= Simple matching coefficient =

Similarity measure

The simple matching coefficient (SMC) or Rand similarity coefficient is a statistic used for comparing the similarity and diversity of sample sets.

|  |  | A |  |
| 0 | 1 |
| B | 0 | $M_{00}$ | $M_{10}$ |
| 1 | $M_{01}$ | $M_{11}$ |

Given two objects, A and B, each with n binary attributes, SMC is defined as:
$$\begin{align}
\text{SMC} & = \frac{\text{number of matching attributes}}{\text{total number of attributes}} \\[8pt]
& = \frac{M_{00} + M_{11}}{M_{00} + M_{11} + M_{01} + M_{10}}
\end{align}$$

where
- $M_{00}$ is the total number of attributes where A and B both have a value of 0,
- $M_{11}$ is the total number of attributes where A and B both have a value of 1,
- $M_{01}$ is the total number of attributes where A has value 0 and B has value 1, and
- $M_{10}$ is the total number of attributes where A has value 1 and B has value 0.

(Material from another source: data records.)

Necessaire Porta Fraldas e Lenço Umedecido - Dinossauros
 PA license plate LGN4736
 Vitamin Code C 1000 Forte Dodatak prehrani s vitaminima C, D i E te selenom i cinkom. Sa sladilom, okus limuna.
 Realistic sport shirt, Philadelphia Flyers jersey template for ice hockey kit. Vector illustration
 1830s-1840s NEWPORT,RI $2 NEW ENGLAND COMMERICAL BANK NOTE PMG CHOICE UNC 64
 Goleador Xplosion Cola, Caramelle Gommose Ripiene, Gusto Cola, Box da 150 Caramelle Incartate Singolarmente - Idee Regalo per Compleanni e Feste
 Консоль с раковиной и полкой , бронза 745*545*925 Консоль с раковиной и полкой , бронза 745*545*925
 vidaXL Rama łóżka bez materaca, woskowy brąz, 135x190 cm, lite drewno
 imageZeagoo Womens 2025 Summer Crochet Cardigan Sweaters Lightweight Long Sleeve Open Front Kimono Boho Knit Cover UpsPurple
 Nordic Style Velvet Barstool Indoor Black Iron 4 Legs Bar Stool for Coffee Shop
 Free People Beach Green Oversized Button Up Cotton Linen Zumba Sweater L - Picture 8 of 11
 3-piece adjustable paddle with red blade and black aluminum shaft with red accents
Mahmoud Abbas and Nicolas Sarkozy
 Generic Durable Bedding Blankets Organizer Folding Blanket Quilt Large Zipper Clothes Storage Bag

The simple matching distance (SMD), which measures dissimilarity between sample sets, is given by $1 - \text{SMC}$.

SMC is linearly related to Hamann similarity: $\text{SMC} = (\text{Hamann}+1) / 2$. Also, $\text{SMC} = 1 - D^2/n$, where $D^2$ is the squared Euclidean distance between the two objects (binary vectors) and n is the number of attributes.

The SMC is very similar to the more popular Jaccard index. The main difference is that the SMC has the term $M_{00}$ in its numerator and denominator, whereas the Jaccard index does not. Thus, the SMC counts both mutual presences (when an attribute is present in both sets) and mutual absence (when an attribute is absent in both sets) as matches and compares it to the total number of attributes in the universe, whereas the Jaccard index only counts mutual presence as matches and compares it to the number of attributes that have been chosen by at least one of the two sets.

In market basket analysis, for example, the basket of two consumers who we wish to compare might only contain a small fraction of all the available products in the store, so the SMC will usually return very high values of similarities even when the baskets bear very little resemblance, thus making the Jaccard index a more appropriate measure of similarity in that context. For example, consider a supermarket with 1000 products and two customers. The basket of the first customer contains salt and pepper and the basket of the second contains salt and sugar. In this scenario, the similarity between the two baskets as measured by the Jaccard index would be 1/3, but the similarity becomes 0.998 using the SMC.

In other contexts, where 0 and 1 carry equivalent information (symmetry), the SMC is a better measure of similarity. For example, vectors of demographic variables stored in dummy variables, such as binary gender, would be better compared with the SMC than with the Jaccard index since the impact of gender on similarity should be equal, independently of whether male is defined as a 0 and female as a 1 or the other way around. However, when we have symmetric dummy variables, one could replicate the behaviour of the SMC by splitting the dummies into two binary attributes (in this case, male and female), thus transforming them into asymmetric attributes, allowing the use of the Jaccard index without introducing any bias. By using this trick, the Jaccard index can be considered as making the SMC a fully redundant metric. The SMC remains, however, more computationally efficient in the case of symmetric dummy variables since it does not require adding extra dimensions.

The Jaccard index is also more general than the SMC and can be used to compare other data types than just vectors of binary attributes, such as probability measures.